Pluie de récompenses
Alexandre Mazzia admet vouer une grande admiration pour Pierre Gagnaire et Alain Passard, tandis qu’il nourrit son inspiration de la pêche méditerranéenne et des produits maraîchers. Né au Congo, près de Pointe-Noire, avec une grand-mère restauratrice sur l’Île de Ré, il raconte que les plats qu’il crée sont associés à des souvenirs : une promenade en pirogue, un retour de pêche à la palourde, une rencontre avec une herboriste qui lui fit découvrir le charbon végétal… Tous ses produits viennent de la pêche et du maraîchage local : de Bandol, de Saint-Cyr, d’Aubagne, et même de jardins ouvriers du 15e arrondissement de Marseille ! Et 80 % de ses légumes sont produits en permaculture. Les inspecteurs du Michelin ont tout de suite adhéré. Six mois après l’ouverture d’AM, la première étoile tombait. Le restaurant a aussi reçu quatre toques Gault & Millau.
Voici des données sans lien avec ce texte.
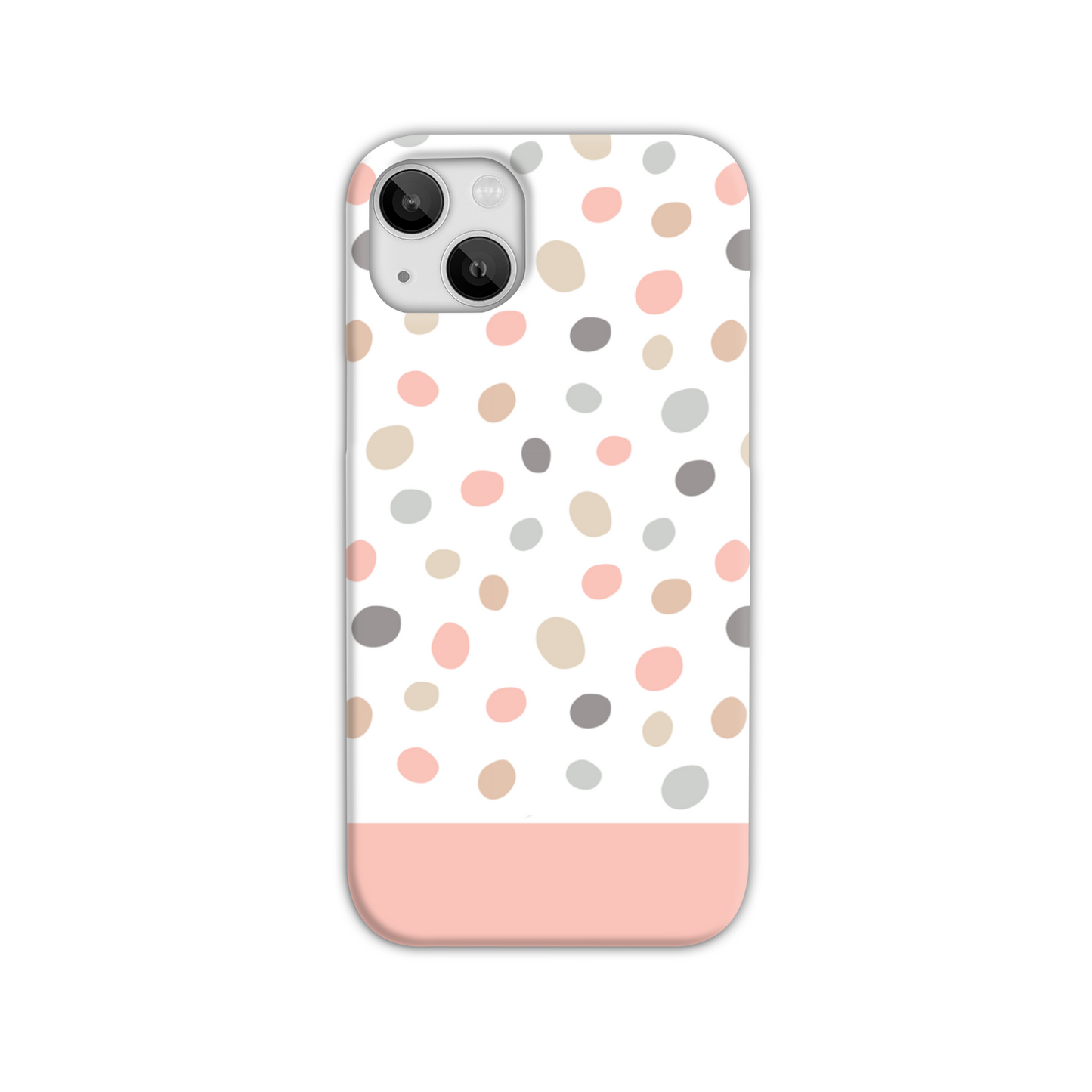Pink Pebble Slim Phone Case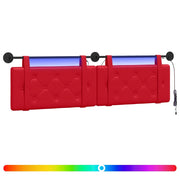 Testiera | Testata sospesa Con luce LED Rosso Similpelle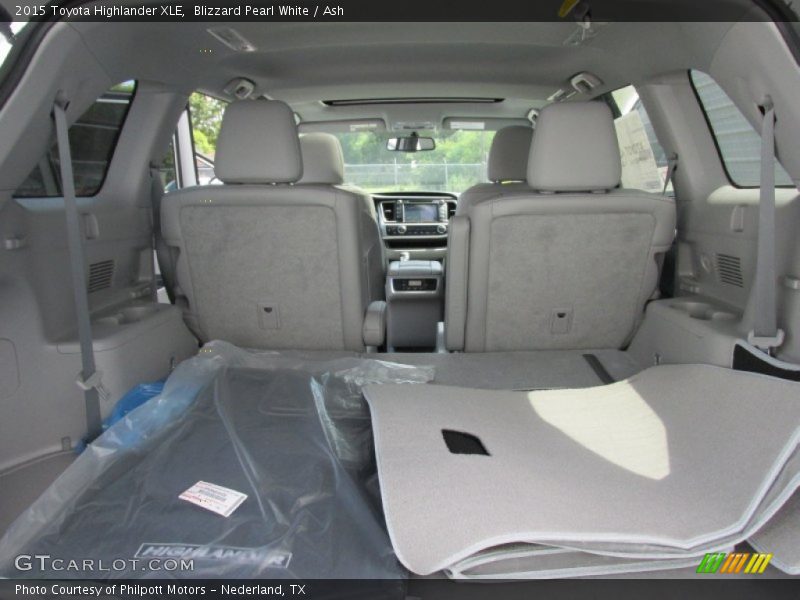 Blizzard Pearl White / Ash 2015 Toyota Highlander XLE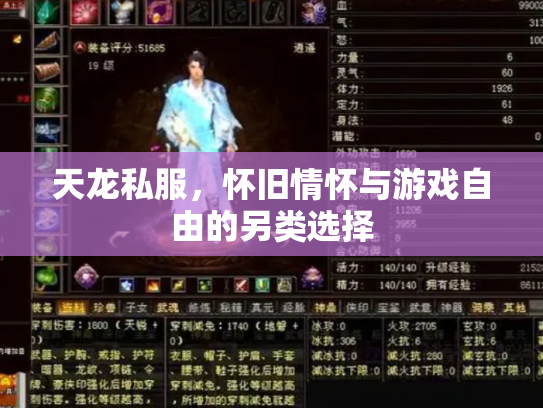 天龙私服，怀旧情怀与游戏自由的另类选择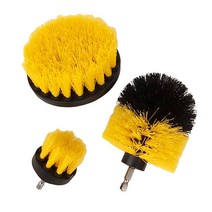 필템 전동 드라이버 청소 브러쉬 3종세트, 청소브러쉬3종노랑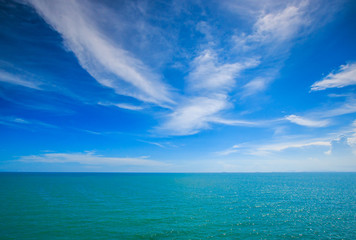 Naklejka na ściany i meble Blue sea cloud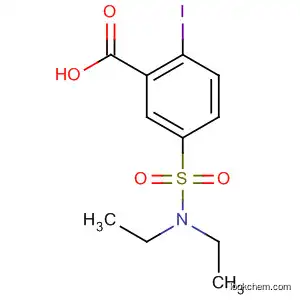 Molecular Structure of 850453-88-2 (Benzoic acid, 5-[(diethylamino)sulfonyl]-2-iodo-)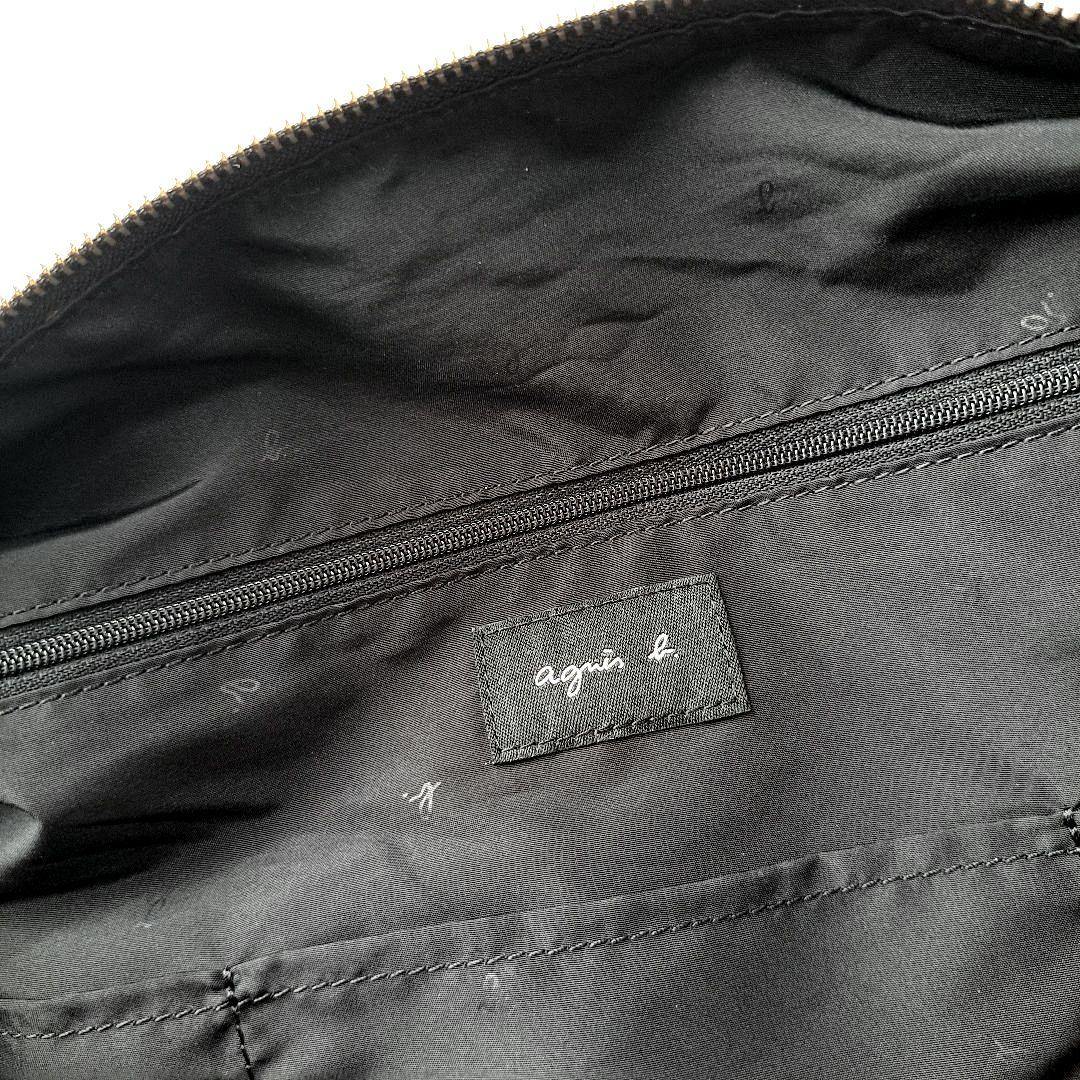 【極美品】【agnes b.】FT03‐03 2Wayボストンバッグ　チャーム付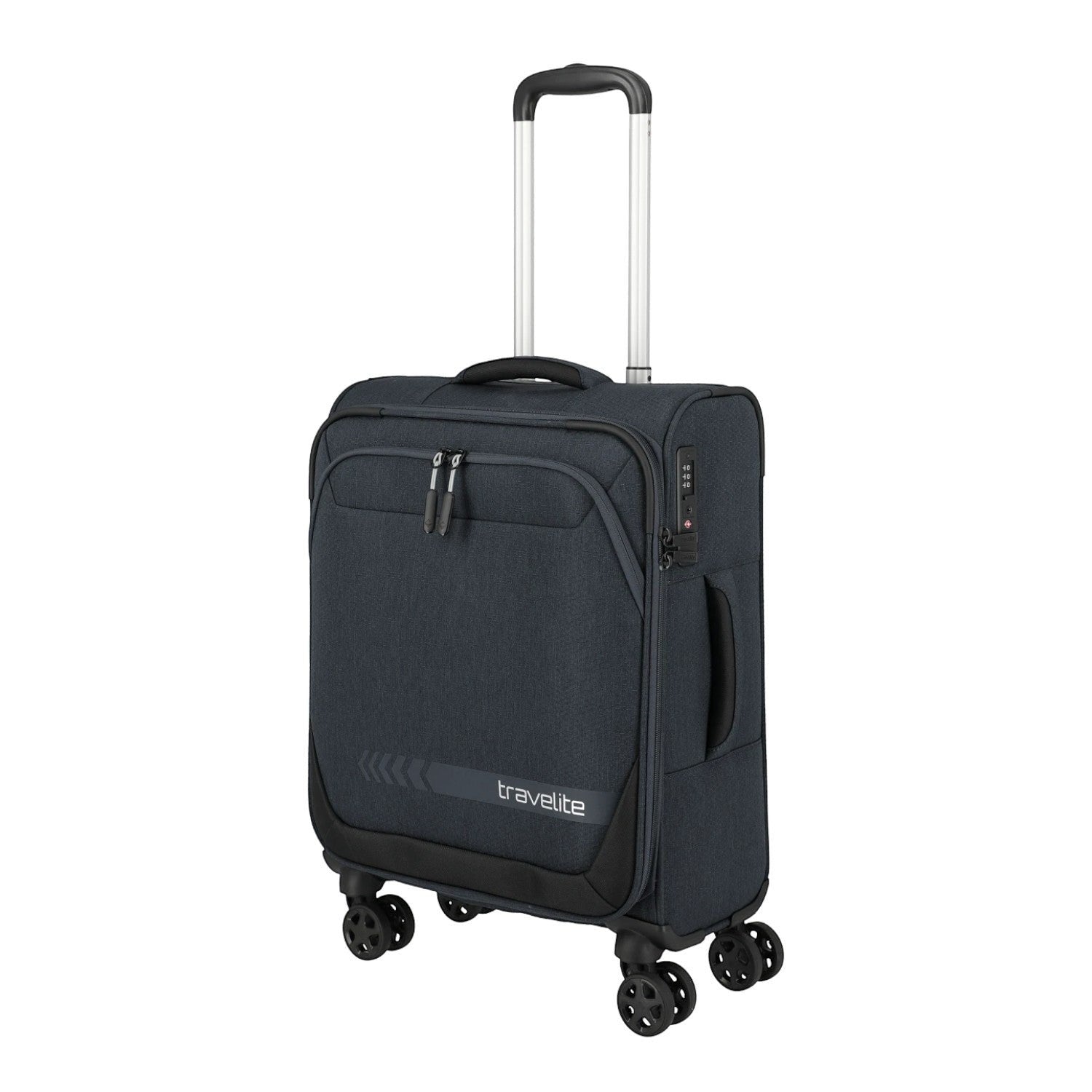 Lieblingstasche KICK OFF 4-wheel small trolley suitcase in dark grey with telescopic handle and TSA lock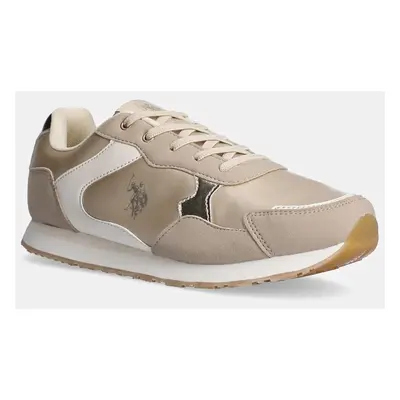 Sneakers boty U.S. Polo Assn. NOBIK015K/DNH2 béžová barva, NOBIK015A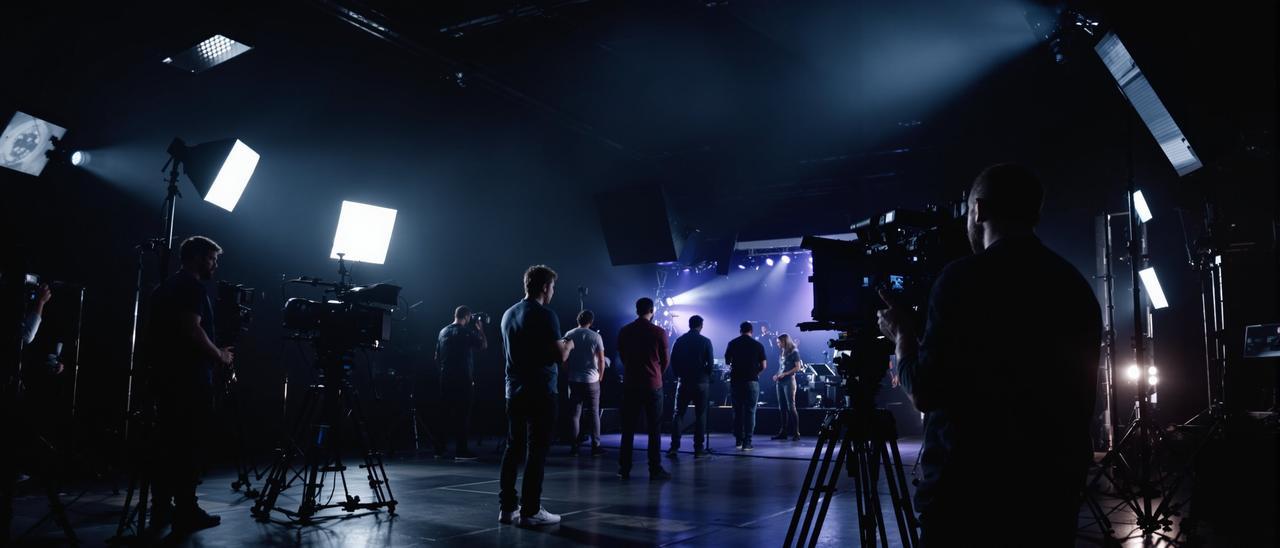 九一视频拍摄现场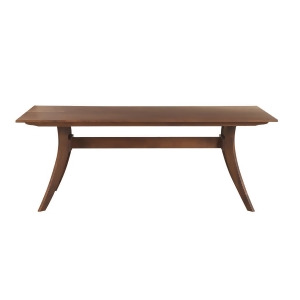 Moes Home Collection Florence Rectangular Dining Table In Walnut - All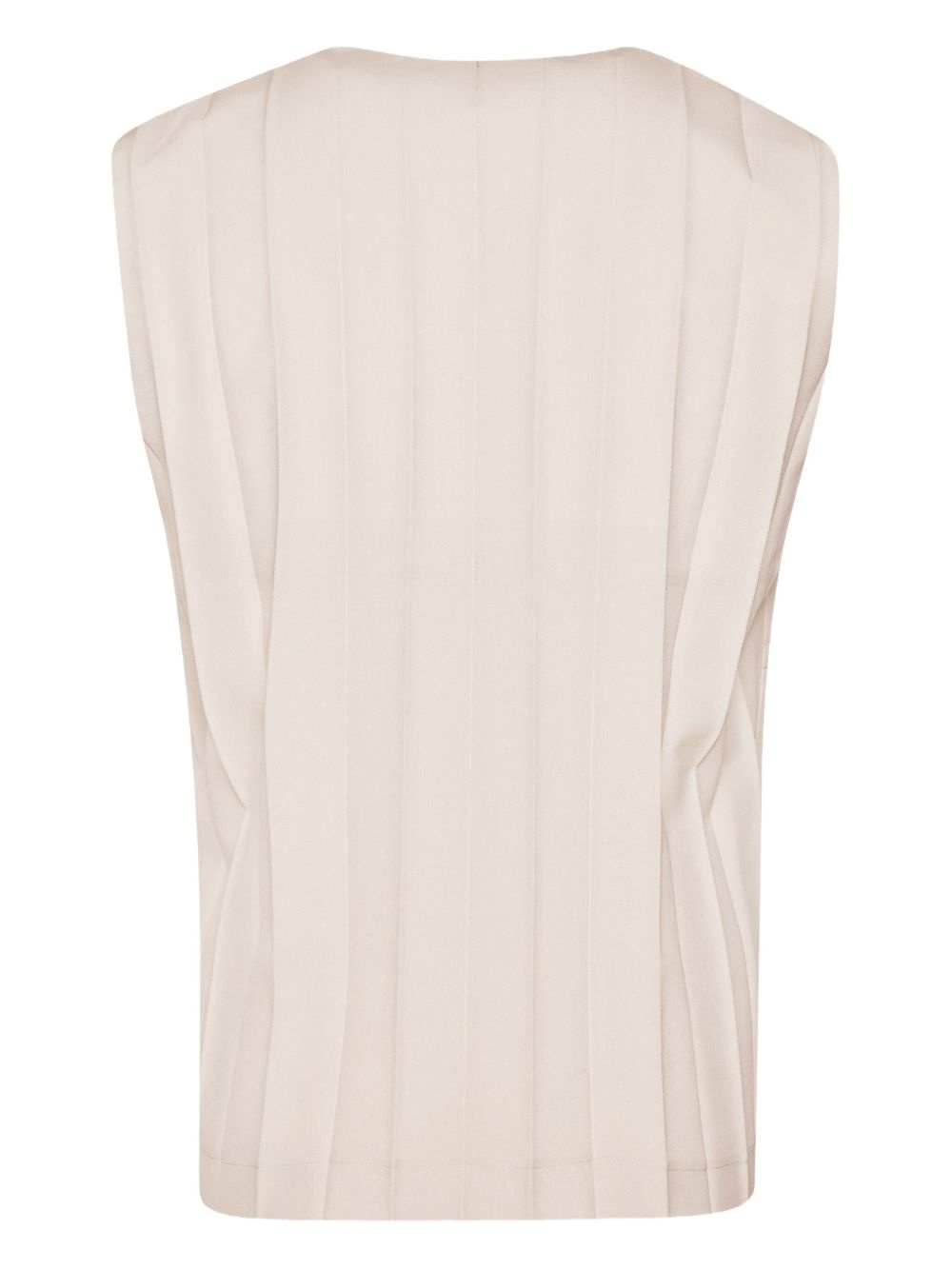 pleated sleeveless vest - 2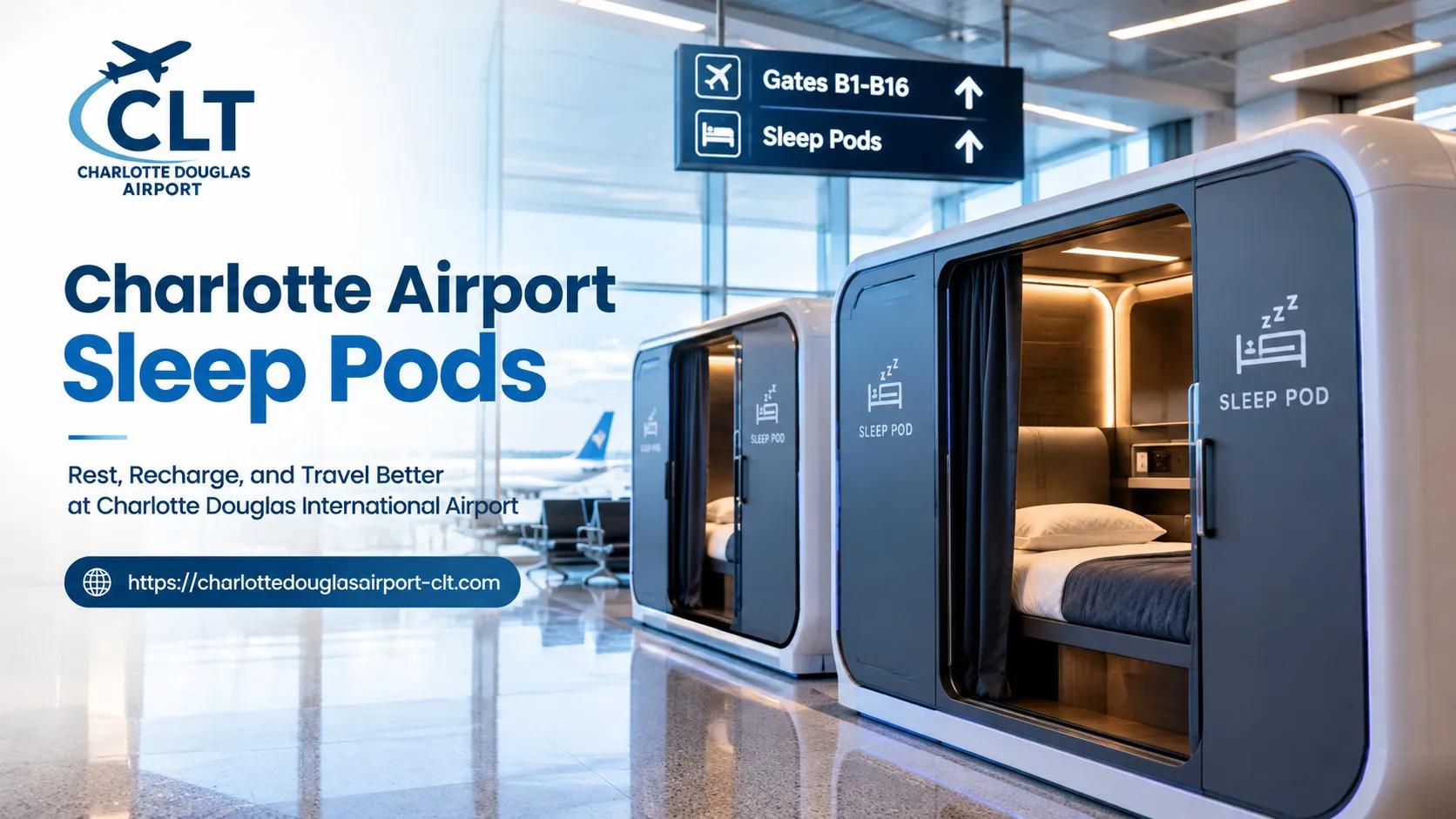 Charlotte Airport Sleep Pods: Where Can Travelers Rest at CLT? cover picture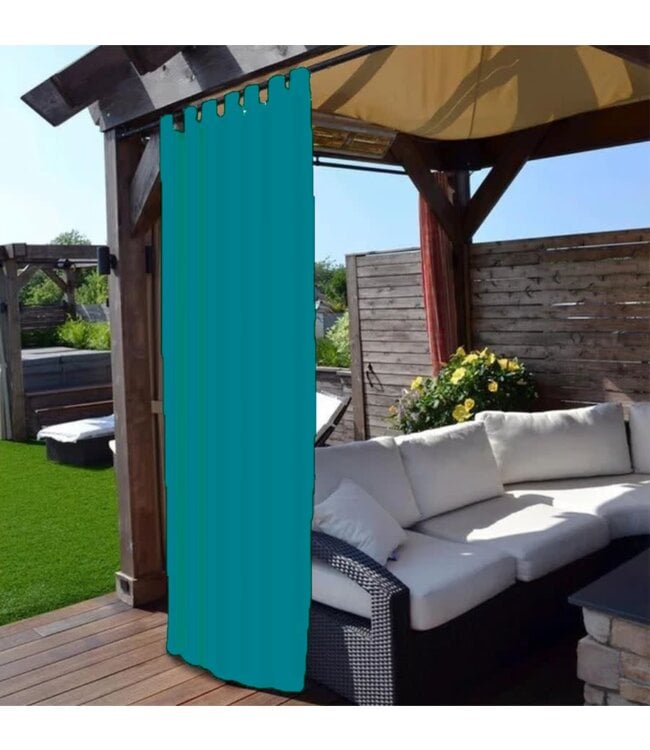 LAUREN TAYLOR SOLID OUTDOOR VELCRO TOP PANELS AST 52X84" (MP12)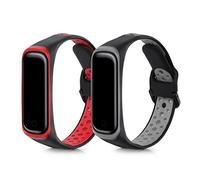 kwmobile Bracelet compatible avec Samsung Galaxy Fit 2 bracelet - 2x bracelet de rechange en silicone pour fitness tracker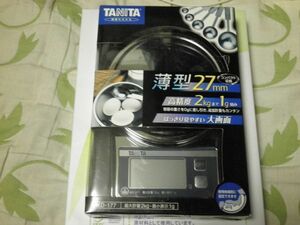 TANITA SCALE WEIGH DECK CAROM -METAL UPTO 2kg MINIMUM 1g KD-177 C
Alexandre Mazzia a également été élu créateur de l’année lors de l’Omnivore World Tour Paris 2015. Pas assez pour lui faire perdre la tête. « C’est, bien sûr, un moment d’allégresse, mais ça ne doit pas être une quête. Les étoiles arrivent simplement lorsqu’on donne le meilleur. » Aucun doute à ce sujet quand on le voit chaque matin œuvrer à ses recherches et torréfier ses épices. Naturellement, les sollicitations et les propositions pleuvent, mais le chef ne s’en émeut pas. Pas envie de se disperser. Tout au plus a-t-il ouvert à Aix-en-Provence, avec son frère Jean-Laurent, le Pointe-Noire Bar à mets, qui se veut la synthèse du bar à vins et du bar à tapas. Et ajouter quelques couverts à son microrestaurant ? « Plutôt me restreindre que pousser les murs. » Toute une philosophie pour cet ancien basketteur qui compare la cuisine à un sport de haut niveau.
AM par Alexandre Mazzia
9, rue François Rocca, Marseille (8e)
Tél. +33 (0)4 91 24 83 63
www.alexandremazzia.com
Un repas chez AM, ce sont deux propositions le midi, à 35 et 52 €, une affaire pour un premier contact. Le soir, les menus se hissent à 89 et 110 €, et varient entre 8 et 22 services. Comptez dix jours pour une réservation à déjeuner et jusqu’à huit semaines si vous projetez d’y dîner un week-end.